Da ist es nicht recht nachzuvollziehen, dass man nun, da es um ein vielleicht prestigeträchtiges, aber letztlich strategisch unwichtiges Nest geht (Zivilisten gibt es da eh keine mehr), mit einem Mal so ganz dabei ist mit dem Herzen …….. demselben Herzen, das die letzten Jahre ja so seltsam kühl geblieben war.
Dabei hatte man sich ja vom kurdischen Nationalismus, besonders der Ideologie der PKK mit ihrem Führerkult, erfreulicherweise, in der Linken wie so oft erst etwas später, distanziert.

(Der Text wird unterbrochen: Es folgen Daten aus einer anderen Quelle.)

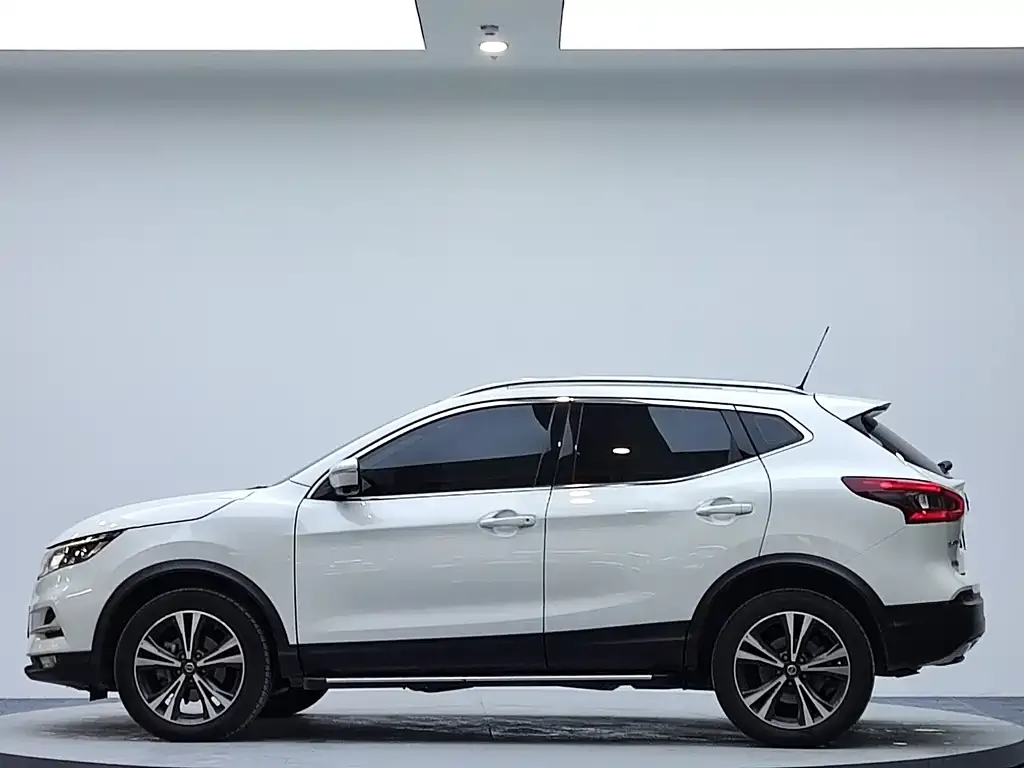 Nissan Qashqai — фото 8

Nicht verabschiedet hatte man sich da allerdings von den liebgewonnenen antiimperialistischen Reflexen:
So, wie der US-Imperialismus die ganze Welt vergiftet, so ist der Zionismus immer noch (mindestens) an allem Schlechten im Nahen Osten schuld.
Auch wenn das dort immer weniger Leute glauben.
Nun hat Onkel Öcalan, Apo, in der reichlichen Zeit, die er nun mal hat, viel gelesen und ist dabei auf Neues gestossen.
Zumindestens scheint er Kreide gefressen zu haben, wenn jetzt von völkischer Ideologie kaum noch was zu hören ist.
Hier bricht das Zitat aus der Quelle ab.